GROWING UP, I HAD the best of two worlds. My parents split up when I was seven, so I lived with my mom in Huntsville grades four through eleven, and then I finished my senior year at Bellaire High School, in Houston, where my dad lived. The two places gave me a unique reservoir: As a filmmaker, I can tap into small-town and big-city experiences without having to employ the usual stereotypes.

When I think of Huntsville, of course, I think of the prison. That and Sam Houston State University; my mom taught there. The prison weighs on the town a little bit. And yet the townspeople who aren’t working there aren’t that influenced by what goes on at the prison. It’s the state’s business, not the city’s business. The local economy benefits from it, but mentions of executions aren’t any more prominent than anywhere else in Texas.

Still, the prison affected me personally. I grew up parking cars at the prison rodeo every Sunday in October. I had a stepfather who was a prison guard. I had friends’ parents who were held hostage in the ’74 prison siege. We weren’t worried about prison breaks when we lived there because we knew that an escaped convict wouldn’t want to stick around. But we’d go see Old Sparky and hear these titillating stories as kids. I remember one story that took hold of my young imagination: I heard that these two women broke out of the Goree Unit and flagged down a truck driver and raped him at knifepoint. That sounds like a Roger Corman B movie, right? These tales made their way around town. Any institution—especially one that old—is going to become mythic.

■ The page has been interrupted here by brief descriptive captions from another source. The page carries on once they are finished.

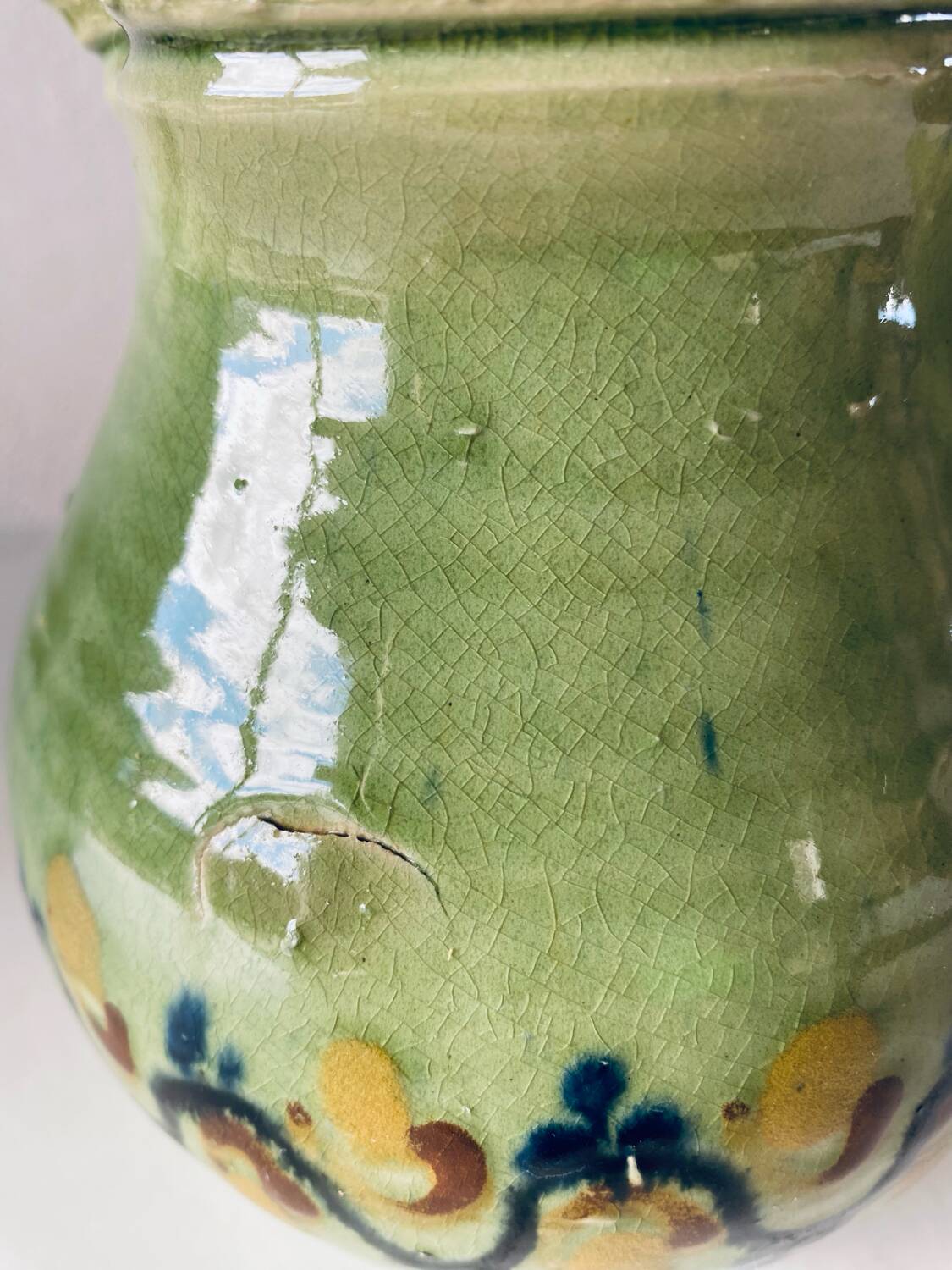 Ancient Savoyard pottery from Saint Jorioz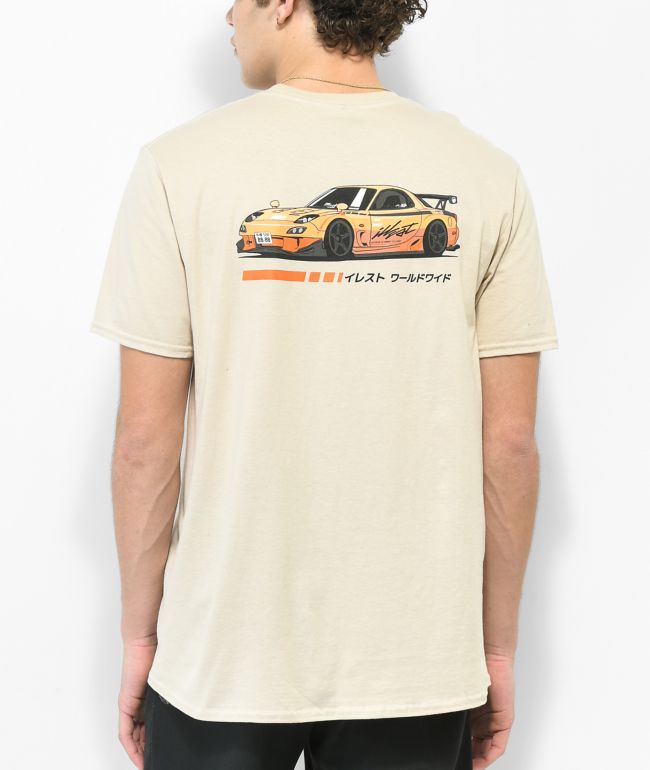 Illest Racing Factory camiseta crema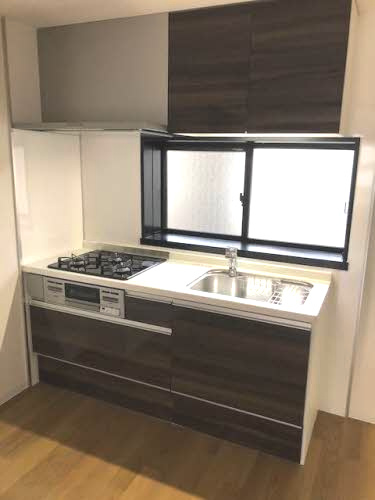 セントラルヴィレッジＢのキッチン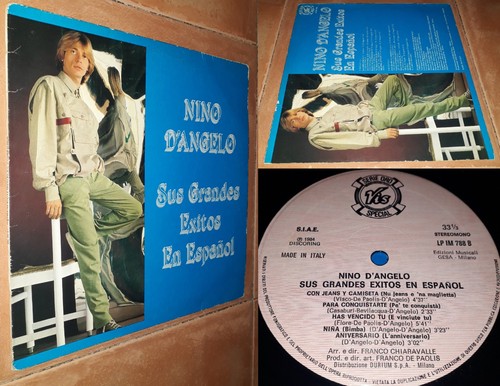 Nino angelo sus - d'angelo,, grandes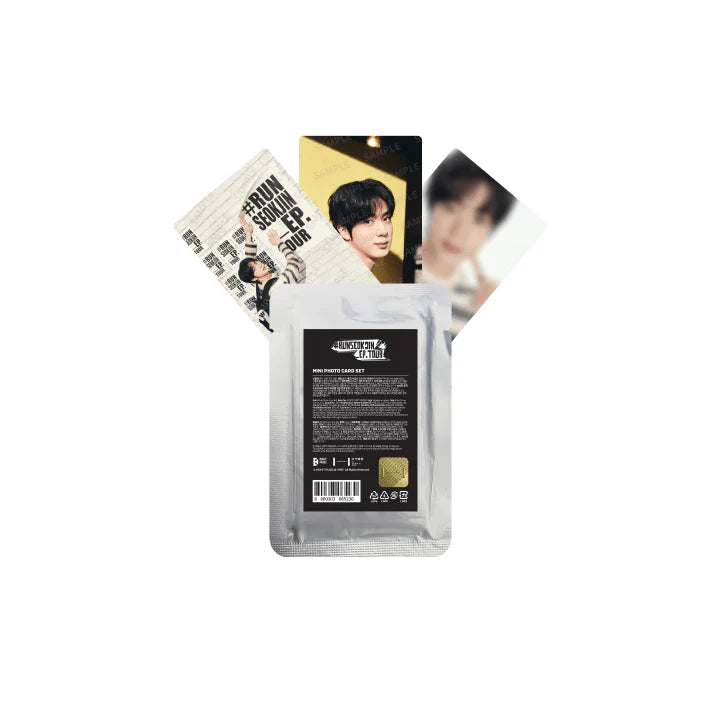 BTS Jin RUNSEOKJIN EP TOUR Mini Photocard Set UK Kpop Shop Official
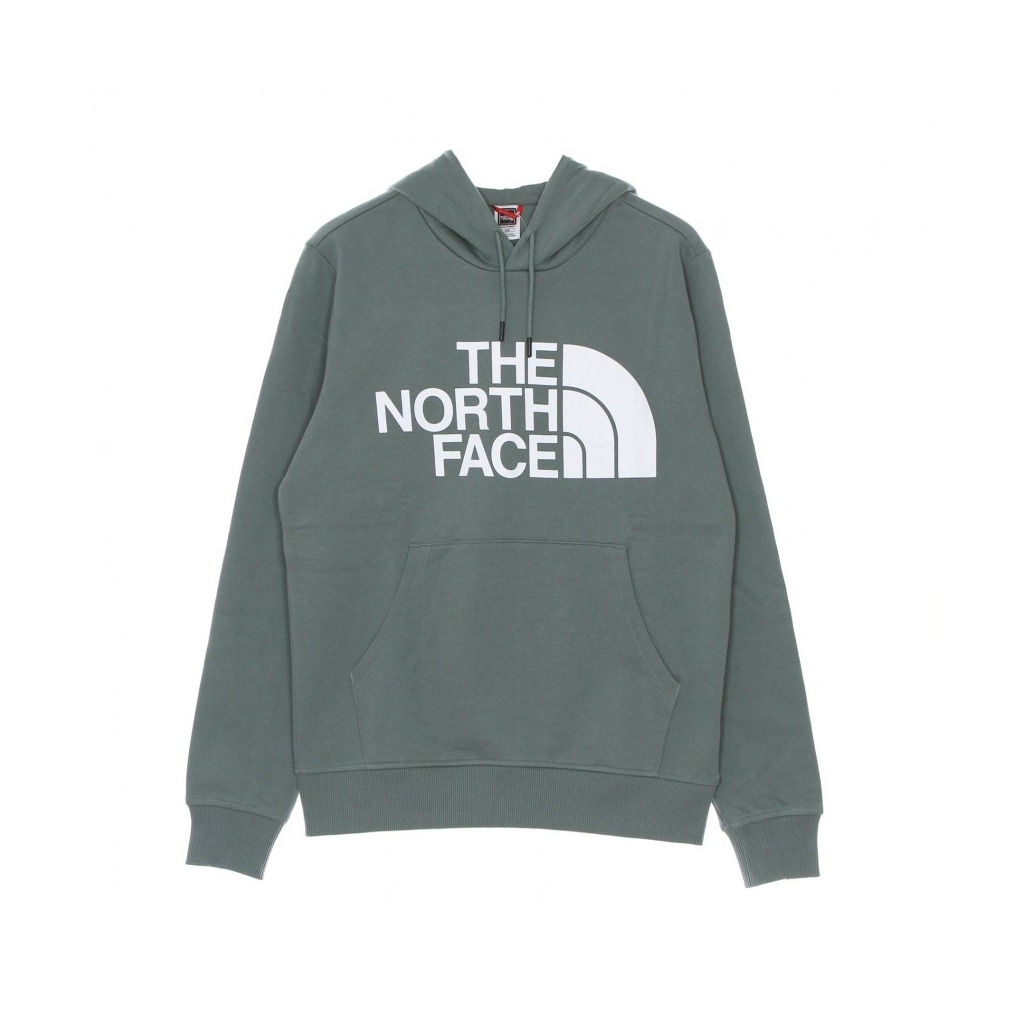 felpa cappuccio uomo standard hoodie BALSAM GREEN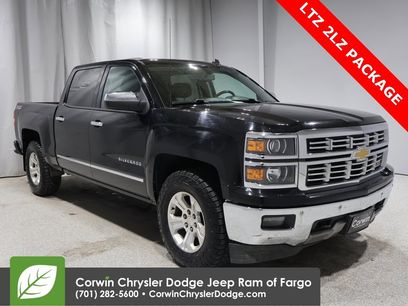 Used 2014 Chevrolet Silverado 1500 LTZ Z71 w/ LTZ Plus Package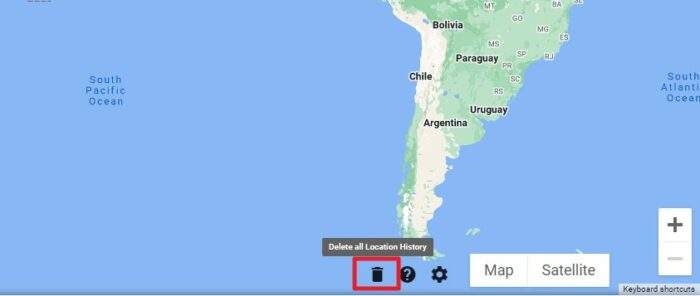delete all location history - How to Clear Your Location History from Google Maps 9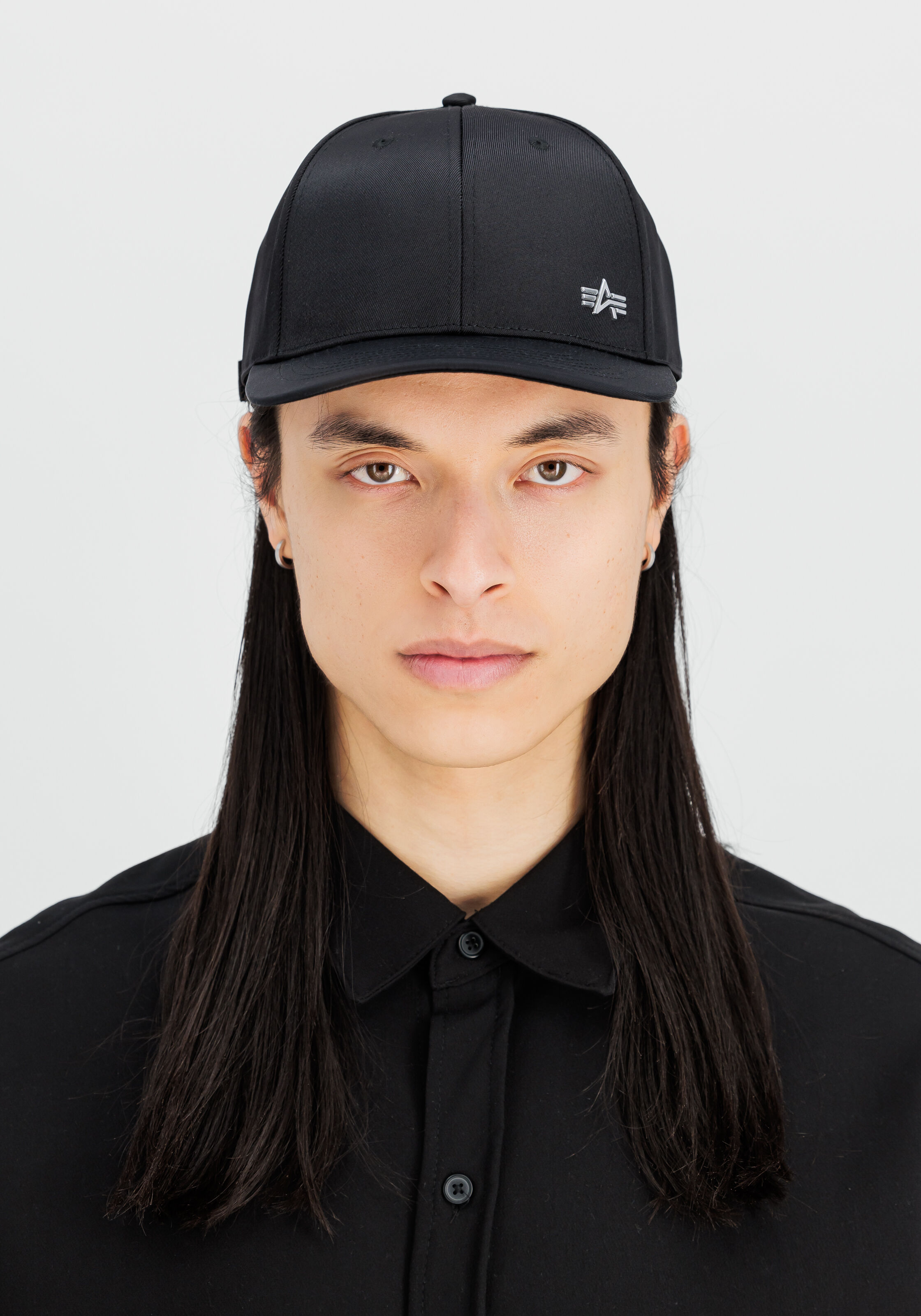 Metal Label Cap black/metalsilver 156905_530_2_model_00001_146563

Another thing that’s mythic in Huntsville is football. We were football obsessed. The coach, Joe Clements, was legendary, and the team never had a losing season in the nineteen years that he ran the program. They were always in the playoffs. Clements played in the school’s first state championship and then coached the only other championship. When I played with the team, we were number one in the state, then got upset in the playoffs.

I was better at baseball than I was at football, though, so my senior year I moved to Houston to live with my dad because Bellaire had a great baseball coach, Ray Knoblauch. Culturally, living in Houston, I felt way ahead of my old friends. My grandma took me to the museums and the symphony, and I’d see a movie in Houston six weeks before it would play at Huntsville’s picture show. And the general tolerance of eccentricities in the city—it’s not the Wild West, but the mentality is—soaked into me.

After high school graduation, I went back to Huntsville because I got a baseball scholarship to go to Sam Houston State. That was a whole other experience. We just had a reunion last year, and one of my teammates made a copy of our old team photo and sent it to me. I was showing it to my daughter, and she asked, “Do you remember any of these guys?” I said, “Not only do I remember these guys, I can tell you everything about them.” When you’re a team, you practically live together. You care about each other. You like some members more than others, but you accept everybody. You’re a platoon.

I returned to Houston after college to work as an offshore oil worker for about two and a half years. I saw the city from a more adult perspective then, the industrial Houston. It was during this period that I started getting interested in film. Anytime I wasn’t offshore, I was at the theaters in River Oaks, Greenway Plaza, and the Rice University Media Center. That was my life. I was just watching movies. I didn’t really know anybody. I met a lot of crazy, fun people on the rig—guys who were painters, writers—but I was going through a solitary phase.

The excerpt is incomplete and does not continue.